Tuesday, April 17, 2018

The Sin of Loyalty

Last week, I wrote an article discussing my disappointment at how quickly a small number of my friends had turned their backs on me at the slightest whiff of suspicion. This article led to quite a bit of introspection. Why had their betrayal cut so deeply, even though it was really only a few people against the many who have been quite supportive?

The answer was clear. I would not have done the same to them.

As I discussed previously, the first I heard about the allegations against Jeff Mach was on January 23rd. Although we had never been particularly close personally, I had worked with Jeff for 12 years, and I considered him a friend. When a friend is attacked, a good person's first instinct should be to stand by that friend and then look into the reasons for the attack and determine if the friend might be in the wrong. Anyone who abandons a friend and then assesses if they have made an error has a moral deficiency.

A mere 5 days later, I agreed to sign off on a letter that pushed Jeff Mach out of his own company, effectively ending his career and business. Five days after first hearing the allegations against Jeff Mach, I signed his professional death warrant.

It had been suggested that I was secretly working with Jeff Mach after this time. While not entirely accurate, I had not cut him off completely either. After being pushed out, Jeff Mach was left with nothing but debt. No assets. No money. No income. There was a very real danger that he would either starve or simply commit suicide. My involvement was to work to make sure that he was paid for the very valuable property he was giving up. He would have been paid about 1/8 of what it was really worth and the payments would have been spread out over 3 years, but it would have given him enough of a chance to survive.

Redemption is not possible if you do not live long enough to see it.

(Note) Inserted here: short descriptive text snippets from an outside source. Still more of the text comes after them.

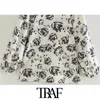 TRAF Women Fashion Floral Print Loose Blouses Vintage High Collar Long Sleeve vrouwelijke shirts blusas chic tops 210415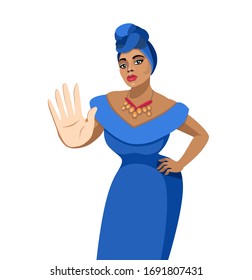 
Isolated afro american black woman in a roast making hand symbol for no. Symbol. Cartoon flat style. Vector illustration.
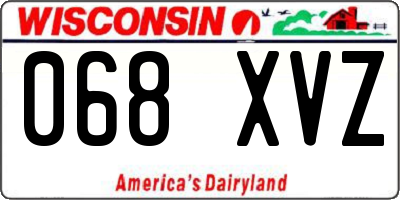 WI license plate 068XVZ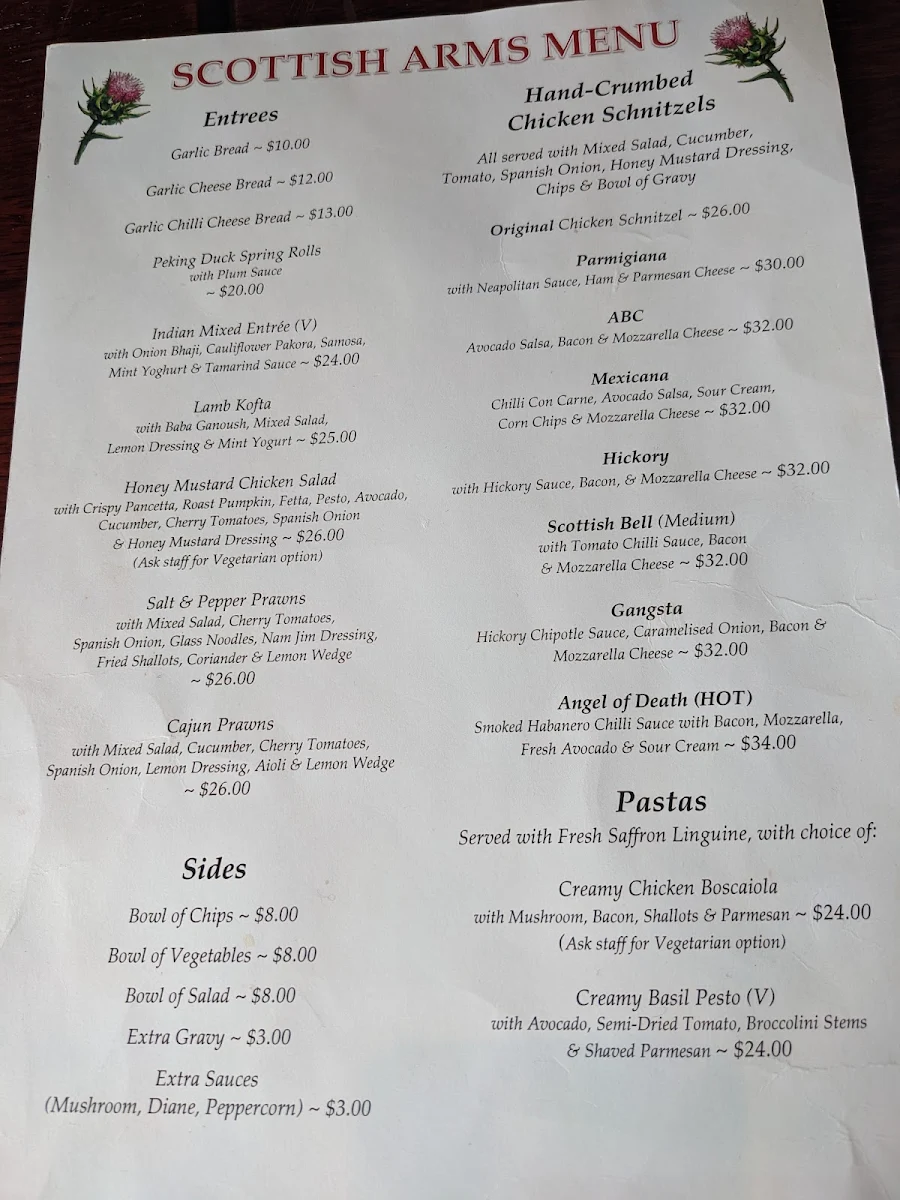 Menu, Scottish Arms Hotel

I am a Christian. The first tenet of my religion is love, – explicitly loving the enemy and the unlovable – but following shortly after is the concept of sin and redemption. These are often misunderstood, but, put simply, everyone has sin – everyone misses the mark – because we are all human and we are all imperfect. How that sin manifests is different for different people, but we all have it. The only path to redemption for sin is what is called repentance, which is a fancy word for admitting that you are not perfect, have done wrong, and that you don't want to do wrong anymore – and then you change your ways.

Before a man can repent, he must first survive.

My first choice was a choice of loyalty. My second choice was a choice of justice (or betrayal, only God can judge.) My third choice was a choice of compassion.

There are those who say that, from the beginning, I should have abandoned Jeff, my friend of 12 years whom I subsequently condemned less than one week later. They suggest that at the first intimations by people, whom I did not know well, that he had done wrong I should have thrown him to the wolves.

There are those who say that I should have left Jeff to starve or even commit suicide in silent solitude and despair.

If you are friends with such a person, I might suggest that you should look very closely at your relationship with this person. This is not a person who will stand by you when you encounter your hardest times. This is a person who lacks the virtue of loyalty.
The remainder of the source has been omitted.